WHAT IS REQUIRED
Please reproduce the lines of the records below from the one holding "Alt view image" through the one holding "SONGMICS Σετ 2", inclusive, skipping all pictures.

TASK MATERIAL

┌──

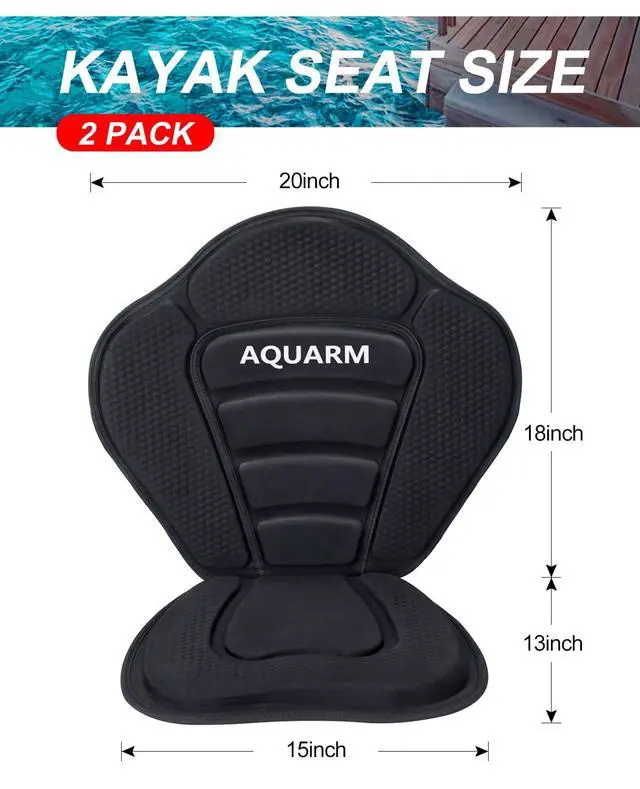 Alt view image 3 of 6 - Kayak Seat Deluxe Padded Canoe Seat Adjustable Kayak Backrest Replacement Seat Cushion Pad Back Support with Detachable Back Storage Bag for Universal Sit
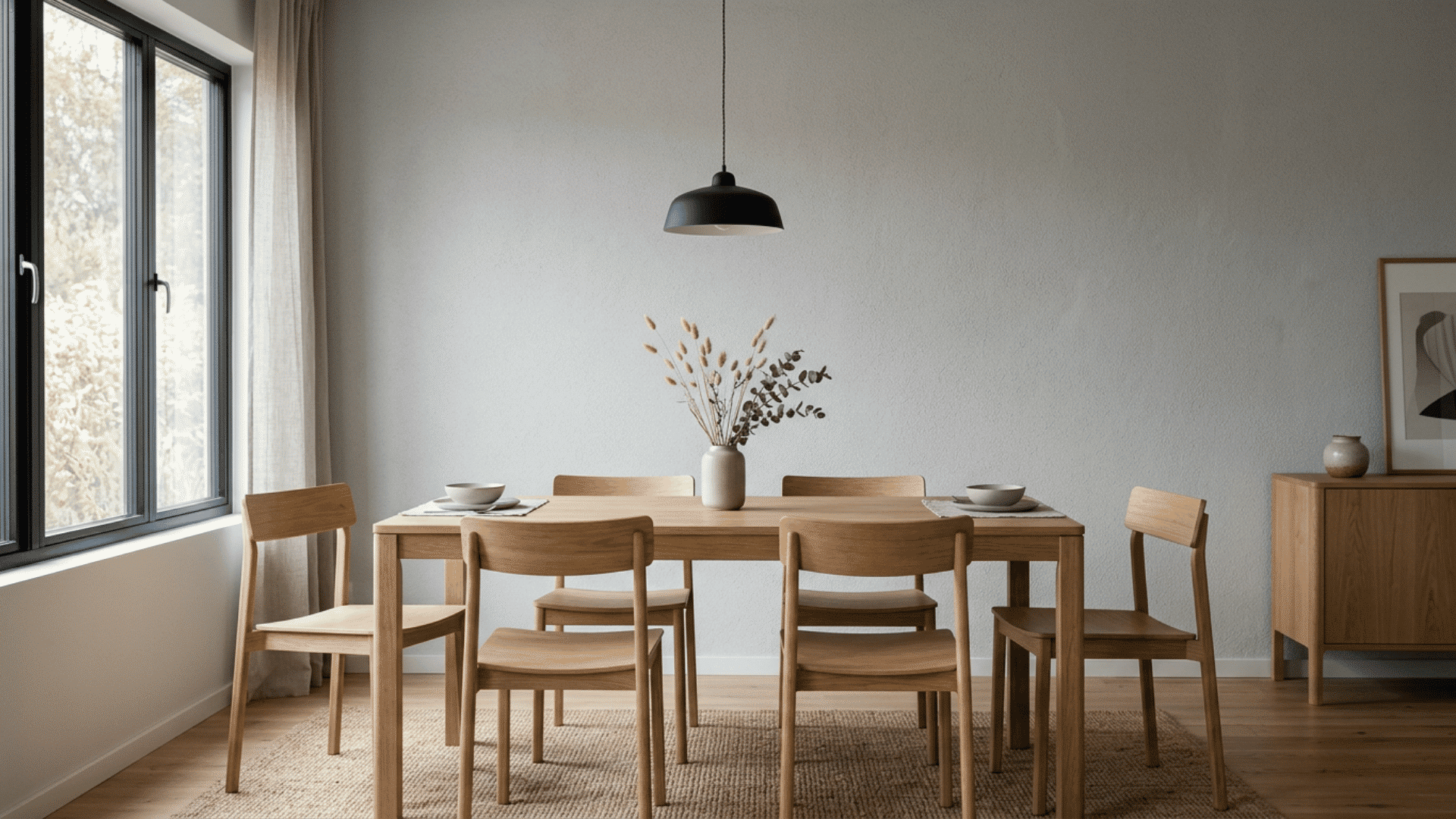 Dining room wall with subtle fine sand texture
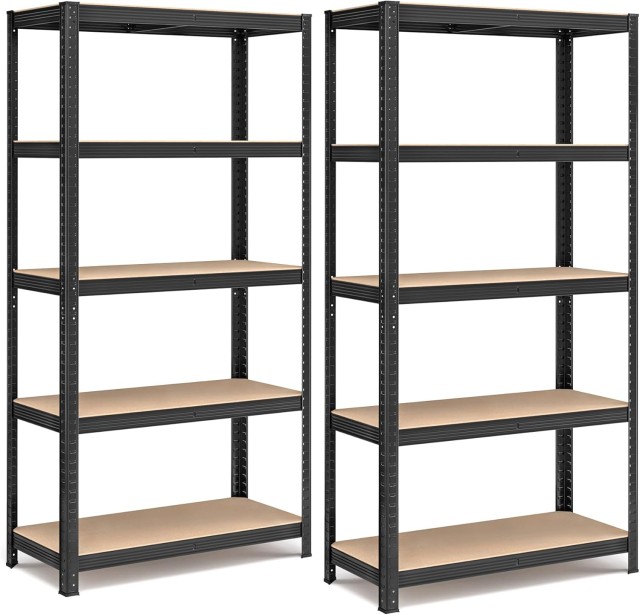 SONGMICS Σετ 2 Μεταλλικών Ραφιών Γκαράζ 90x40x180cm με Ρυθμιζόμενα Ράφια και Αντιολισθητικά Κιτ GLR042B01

└──
┌──

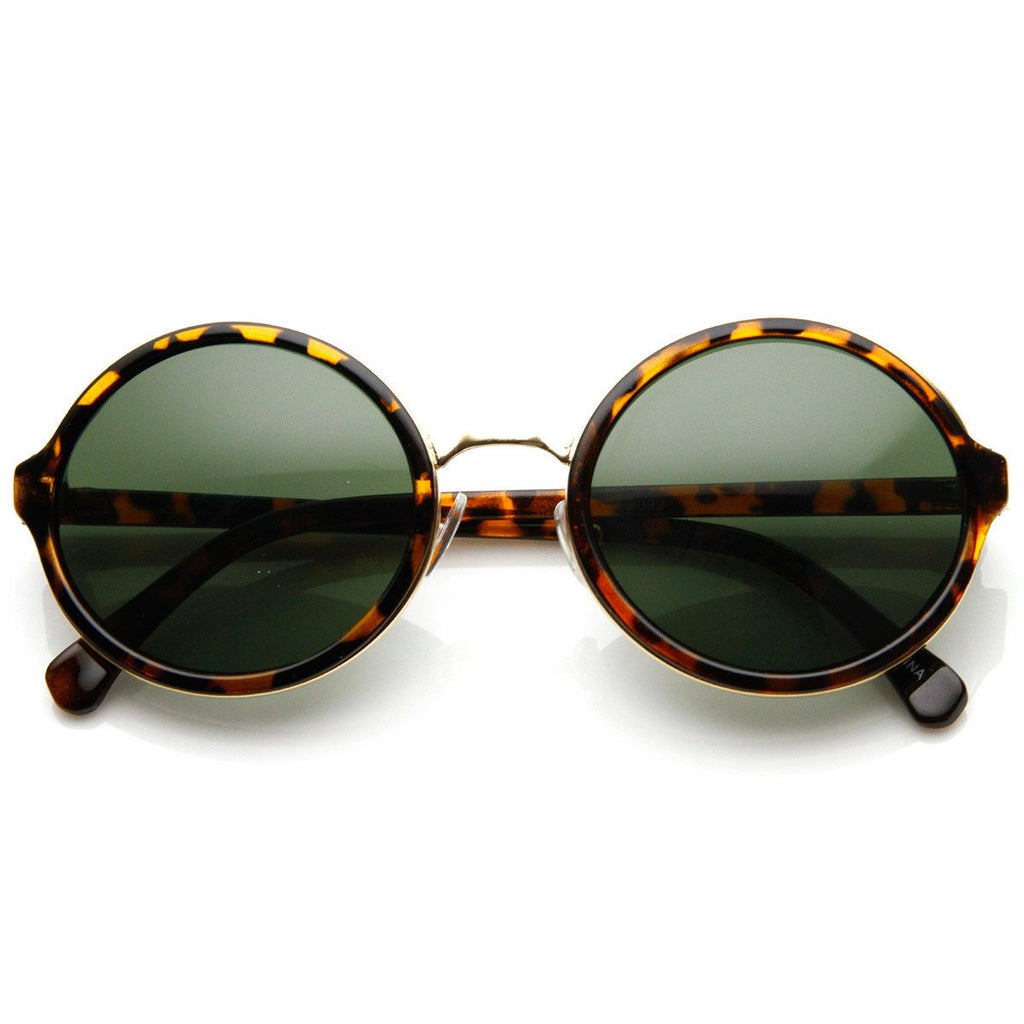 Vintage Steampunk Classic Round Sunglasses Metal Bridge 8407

└──
┌──

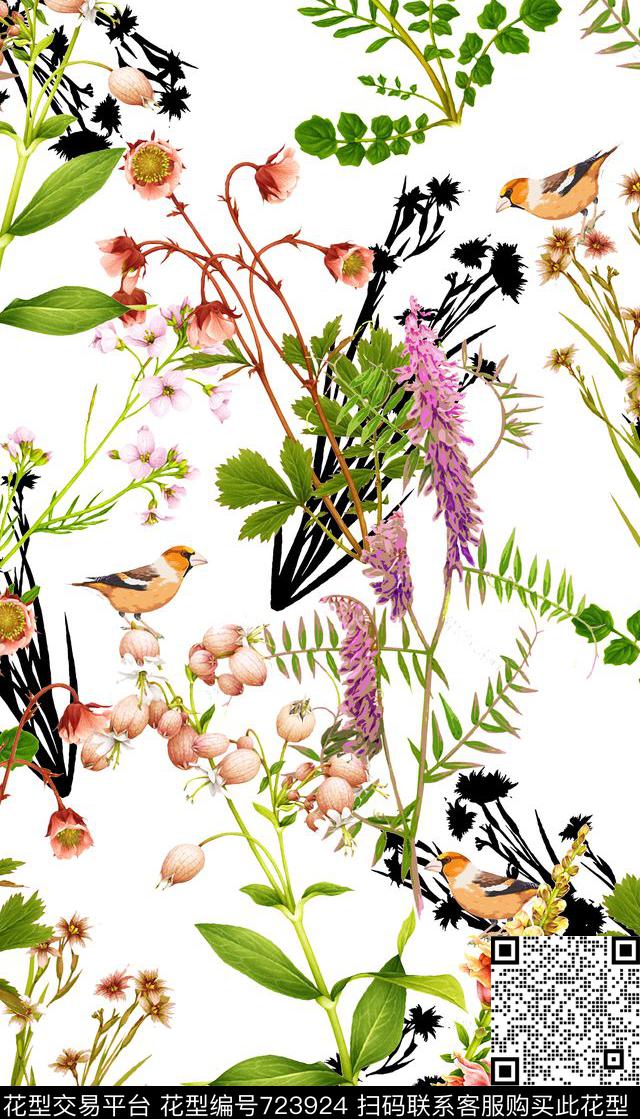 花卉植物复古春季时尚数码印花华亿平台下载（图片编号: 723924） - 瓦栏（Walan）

└──

EXERCISE SOLUTION
 Alt view image 3 of 6 - Kayak Seat Deluxe Padded Canoe Seat Adjustable Kayak Backrest Replacement Seat Cushion Pad Back Support with Detachable Back Storage Bag for Universal Sit
 Dining room wall with subtle fine sand texture
 SONGMICS Σετ 2 Μεταλλικών Ραφιών Γκαράζ 90x40x180cm με Ρυθμιζόμενα Ράφια και Αντιολισθητικά Κιτ GLR042B01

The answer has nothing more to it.